Kentin não entendeu de início, e foi preciso que eu apontasse para o celular para que ele soubesse o que havia ocasionado a minha decepção. Com os olhos arregalados na tela, o garoto demorou alguns segundos para formular uma resposta convincente, mas eu não esperei por ela.
- Eu...
- A quanto tempo!? - Pedi. - Quanto tempo faz que você está me fazendo de idiota e se envolvendo com a garota que tentou me prejudicar diversas vezes?
- Sophie, me escuta...
- Era isso que eu merecia? Me sentir culpada pelas nossas brigas enquanto você se divertia com outra?

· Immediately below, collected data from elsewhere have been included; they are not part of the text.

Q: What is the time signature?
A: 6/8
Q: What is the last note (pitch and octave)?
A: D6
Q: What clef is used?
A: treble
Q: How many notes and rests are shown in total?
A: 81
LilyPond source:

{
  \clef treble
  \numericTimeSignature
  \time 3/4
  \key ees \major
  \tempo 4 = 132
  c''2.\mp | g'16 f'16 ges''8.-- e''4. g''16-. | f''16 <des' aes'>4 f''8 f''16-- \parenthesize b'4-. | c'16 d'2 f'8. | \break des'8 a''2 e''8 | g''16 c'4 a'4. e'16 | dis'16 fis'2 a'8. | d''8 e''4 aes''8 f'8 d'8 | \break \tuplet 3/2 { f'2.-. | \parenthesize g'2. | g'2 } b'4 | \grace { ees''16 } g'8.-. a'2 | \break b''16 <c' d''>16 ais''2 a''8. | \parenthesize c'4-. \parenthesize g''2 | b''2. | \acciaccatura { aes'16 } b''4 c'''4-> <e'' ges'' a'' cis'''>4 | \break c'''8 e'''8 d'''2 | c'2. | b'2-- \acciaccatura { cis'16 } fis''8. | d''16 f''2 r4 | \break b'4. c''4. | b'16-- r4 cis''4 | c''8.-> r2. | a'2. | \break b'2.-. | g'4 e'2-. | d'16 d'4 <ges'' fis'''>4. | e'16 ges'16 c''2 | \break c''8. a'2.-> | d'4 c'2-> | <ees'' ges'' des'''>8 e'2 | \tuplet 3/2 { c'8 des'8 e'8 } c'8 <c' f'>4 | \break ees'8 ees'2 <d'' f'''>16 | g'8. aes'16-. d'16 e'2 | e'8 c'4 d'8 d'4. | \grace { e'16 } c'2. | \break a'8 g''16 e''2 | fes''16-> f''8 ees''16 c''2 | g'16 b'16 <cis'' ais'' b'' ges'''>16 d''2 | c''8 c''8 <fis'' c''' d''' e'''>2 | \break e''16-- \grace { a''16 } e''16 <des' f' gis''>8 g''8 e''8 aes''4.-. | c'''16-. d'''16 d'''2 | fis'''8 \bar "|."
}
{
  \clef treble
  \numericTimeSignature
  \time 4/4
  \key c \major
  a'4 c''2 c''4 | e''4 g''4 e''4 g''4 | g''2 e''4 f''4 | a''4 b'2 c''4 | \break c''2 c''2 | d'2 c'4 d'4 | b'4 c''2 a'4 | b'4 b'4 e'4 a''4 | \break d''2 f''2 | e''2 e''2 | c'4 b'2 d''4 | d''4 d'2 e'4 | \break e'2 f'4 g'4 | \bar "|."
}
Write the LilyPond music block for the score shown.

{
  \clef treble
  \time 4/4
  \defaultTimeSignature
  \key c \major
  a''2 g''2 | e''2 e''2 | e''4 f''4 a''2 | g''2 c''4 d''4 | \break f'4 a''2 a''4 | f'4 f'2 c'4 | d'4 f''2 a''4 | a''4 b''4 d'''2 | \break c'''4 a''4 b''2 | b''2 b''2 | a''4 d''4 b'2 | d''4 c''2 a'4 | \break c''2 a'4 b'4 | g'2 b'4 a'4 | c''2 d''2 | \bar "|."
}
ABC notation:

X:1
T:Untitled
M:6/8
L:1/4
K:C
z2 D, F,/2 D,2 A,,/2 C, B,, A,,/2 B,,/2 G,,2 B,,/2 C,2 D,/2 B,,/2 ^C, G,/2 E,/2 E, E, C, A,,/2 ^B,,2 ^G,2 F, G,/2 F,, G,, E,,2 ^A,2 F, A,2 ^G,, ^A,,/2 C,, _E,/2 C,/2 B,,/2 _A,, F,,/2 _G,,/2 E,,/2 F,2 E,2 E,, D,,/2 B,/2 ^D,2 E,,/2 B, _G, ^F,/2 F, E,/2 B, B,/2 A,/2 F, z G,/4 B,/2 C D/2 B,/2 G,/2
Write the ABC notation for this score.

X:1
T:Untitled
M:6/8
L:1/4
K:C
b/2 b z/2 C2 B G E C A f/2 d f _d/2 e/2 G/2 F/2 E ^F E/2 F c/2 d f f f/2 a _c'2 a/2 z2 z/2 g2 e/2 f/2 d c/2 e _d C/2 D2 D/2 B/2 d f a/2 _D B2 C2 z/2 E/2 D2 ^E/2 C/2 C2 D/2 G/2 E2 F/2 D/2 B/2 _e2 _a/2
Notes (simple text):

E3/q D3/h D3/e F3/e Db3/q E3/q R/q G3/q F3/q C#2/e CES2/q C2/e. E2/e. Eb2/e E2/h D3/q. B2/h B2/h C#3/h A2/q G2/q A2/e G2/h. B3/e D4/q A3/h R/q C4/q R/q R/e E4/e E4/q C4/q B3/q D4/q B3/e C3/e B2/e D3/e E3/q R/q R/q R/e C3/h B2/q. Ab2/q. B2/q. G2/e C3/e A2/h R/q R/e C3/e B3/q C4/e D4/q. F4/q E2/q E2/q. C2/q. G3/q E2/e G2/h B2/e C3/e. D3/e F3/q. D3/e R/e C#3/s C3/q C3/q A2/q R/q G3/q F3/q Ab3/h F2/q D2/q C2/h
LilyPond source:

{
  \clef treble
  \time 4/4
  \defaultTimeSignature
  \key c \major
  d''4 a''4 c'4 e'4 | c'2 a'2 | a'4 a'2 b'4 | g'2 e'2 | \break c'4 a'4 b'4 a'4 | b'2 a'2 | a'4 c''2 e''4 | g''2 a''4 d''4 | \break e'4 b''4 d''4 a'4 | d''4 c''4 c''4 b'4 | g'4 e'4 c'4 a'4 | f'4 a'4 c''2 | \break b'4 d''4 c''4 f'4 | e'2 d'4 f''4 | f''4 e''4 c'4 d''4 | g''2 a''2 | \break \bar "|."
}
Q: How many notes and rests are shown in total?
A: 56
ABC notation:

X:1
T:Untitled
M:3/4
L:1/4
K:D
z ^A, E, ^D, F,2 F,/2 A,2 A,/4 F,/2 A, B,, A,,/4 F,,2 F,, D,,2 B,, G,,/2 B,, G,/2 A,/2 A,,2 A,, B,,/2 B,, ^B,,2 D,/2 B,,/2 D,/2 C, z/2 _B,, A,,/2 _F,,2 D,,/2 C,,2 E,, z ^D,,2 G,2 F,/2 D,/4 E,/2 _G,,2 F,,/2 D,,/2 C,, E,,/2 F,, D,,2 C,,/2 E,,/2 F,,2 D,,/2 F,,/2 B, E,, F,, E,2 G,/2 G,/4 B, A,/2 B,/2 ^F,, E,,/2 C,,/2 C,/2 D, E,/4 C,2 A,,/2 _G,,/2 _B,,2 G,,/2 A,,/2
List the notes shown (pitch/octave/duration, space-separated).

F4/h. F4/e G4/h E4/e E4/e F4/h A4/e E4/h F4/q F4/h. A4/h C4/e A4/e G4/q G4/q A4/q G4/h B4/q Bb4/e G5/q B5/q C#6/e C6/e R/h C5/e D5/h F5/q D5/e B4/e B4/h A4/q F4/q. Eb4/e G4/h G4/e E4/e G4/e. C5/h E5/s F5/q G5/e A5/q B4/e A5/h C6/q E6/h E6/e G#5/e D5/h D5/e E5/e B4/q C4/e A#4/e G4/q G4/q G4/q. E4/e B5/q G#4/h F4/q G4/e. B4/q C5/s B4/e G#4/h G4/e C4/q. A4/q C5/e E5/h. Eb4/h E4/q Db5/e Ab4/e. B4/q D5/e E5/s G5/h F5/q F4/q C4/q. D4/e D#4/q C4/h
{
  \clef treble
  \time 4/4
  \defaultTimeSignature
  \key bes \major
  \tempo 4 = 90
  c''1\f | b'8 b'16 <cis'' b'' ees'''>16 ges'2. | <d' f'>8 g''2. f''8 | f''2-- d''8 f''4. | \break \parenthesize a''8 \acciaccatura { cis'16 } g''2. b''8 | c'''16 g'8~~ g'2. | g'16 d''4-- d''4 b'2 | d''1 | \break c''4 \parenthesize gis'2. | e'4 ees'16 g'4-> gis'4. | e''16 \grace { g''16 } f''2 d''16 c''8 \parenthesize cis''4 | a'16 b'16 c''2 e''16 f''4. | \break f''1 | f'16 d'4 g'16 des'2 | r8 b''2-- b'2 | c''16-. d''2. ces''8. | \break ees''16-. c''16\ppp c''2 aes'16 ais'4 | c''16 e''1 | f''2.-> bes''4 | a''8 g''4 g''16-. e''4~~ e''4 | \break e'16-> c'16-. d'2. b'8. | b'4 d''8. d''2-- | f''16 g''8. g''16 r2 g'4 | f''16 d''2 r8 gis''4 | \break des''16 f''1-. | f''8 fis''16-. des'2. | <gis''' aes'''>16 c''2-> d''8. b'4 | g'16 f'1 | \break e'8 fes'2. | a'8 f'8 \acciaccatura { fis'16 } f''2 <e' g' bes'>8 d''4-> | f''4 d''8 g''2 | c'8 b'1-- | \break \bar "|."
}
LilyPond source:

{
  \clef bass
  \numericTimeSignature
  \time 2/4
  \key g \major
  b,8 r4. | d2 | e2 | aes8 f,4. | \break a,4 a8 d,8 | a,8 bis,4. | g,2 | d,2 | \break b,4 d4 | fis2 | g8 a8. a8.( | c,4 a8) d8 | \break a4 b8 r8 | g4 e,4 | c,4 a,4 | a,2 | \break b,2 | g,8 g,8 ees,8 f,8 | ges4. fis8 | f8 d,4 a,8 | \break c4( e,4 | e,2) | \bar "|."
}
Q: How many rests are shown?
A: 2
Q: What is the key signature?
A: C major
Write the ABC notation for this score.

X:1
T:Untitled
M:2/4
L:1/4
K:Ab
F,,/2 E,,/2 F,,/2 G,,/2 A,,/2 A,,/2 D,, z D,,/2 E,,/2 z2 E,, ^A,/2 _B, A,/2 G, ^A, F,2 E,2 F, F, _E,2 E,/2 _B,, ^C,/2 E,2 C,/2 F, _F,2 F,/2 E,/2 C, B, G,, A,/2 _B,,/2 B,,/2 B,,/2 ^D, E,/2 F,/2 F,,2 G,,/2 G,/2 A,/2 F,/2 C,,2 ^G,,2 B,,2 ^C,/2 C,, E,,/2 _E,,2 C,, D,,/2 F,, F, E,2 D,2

- Não era o que você estava fazendo com o Aono!? - Kentin disparou, sentindo tanta raiva quanto eu.
- Eu não... - Comecei, abaixando o olhar. - Não me compare à você.
- Não? - Kentin abriu um sorriso irônico. - Será que você pode jurar que nunca me traiu com ele, ou que nunca pensou em como as coisas seriam caso ele estivesse no meu lugar?
Eu não podia. Senti amargamente a verdade daquelas palavras quando as lembranças me levaram ao quase beijos e quando estivemos mais próximos disso, no festival. E em todas as outras vezes que desejei Aono.
- O silêncio já me diz tudo. - Kentin prosseguiu, fechando os punhos. - Nós dois erramos. Eu admito que fui fraco e cedi mas você tem que me entender, Sophie! Você não queria mais estar comigo e eu estava sentindo falta de... Você sabe. Sou um homem, preciso me aliviar!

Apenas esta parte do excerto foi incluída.